_DATA PROVIDED:_

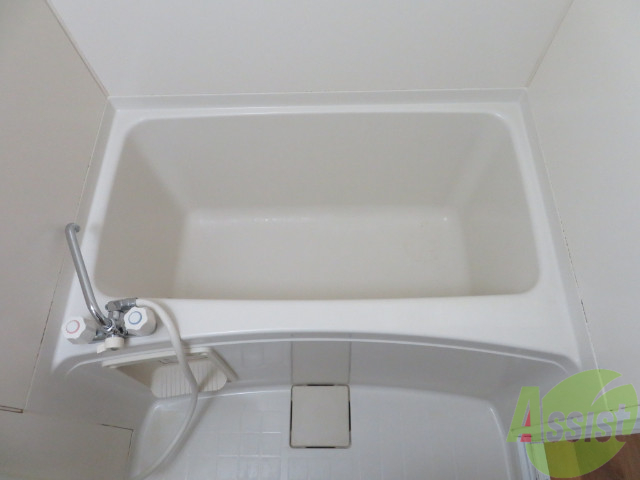 バス・シャワールーム　バスルームもゆったりとしていて疲れも癒せそうですね。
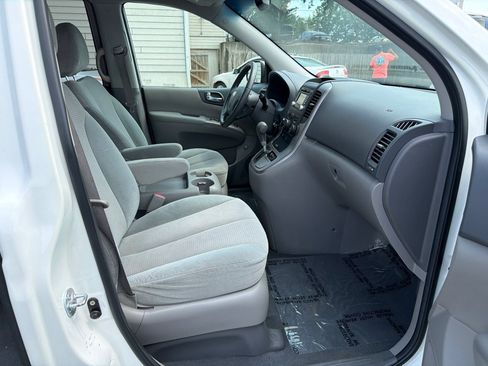 Used 2012 Kia Sedona EX FWD image 16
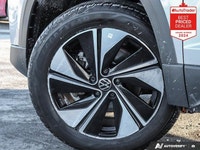 New Price! CARFAX Canada One Owner CARFAX Canada No Reported Accidents Silver 2025 Volkswagen Taos C... (image 8)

_EXERCISE AIM:_ The answer must be the full listing above, copied exactly, with no pictures in it.

_SOLUTION TO THIS PROBLEM:_
 バス・シャワールーム　バスルームもゆったりとしていて疲れも癒せそうですね。
 Used 2012 Kia Sedona EX FWD image 16
 New Price! CARFAX Canada One Owner CARFAX Canada No Reported Accidents Silver 2025 Volkswagen Taos C... (image 8)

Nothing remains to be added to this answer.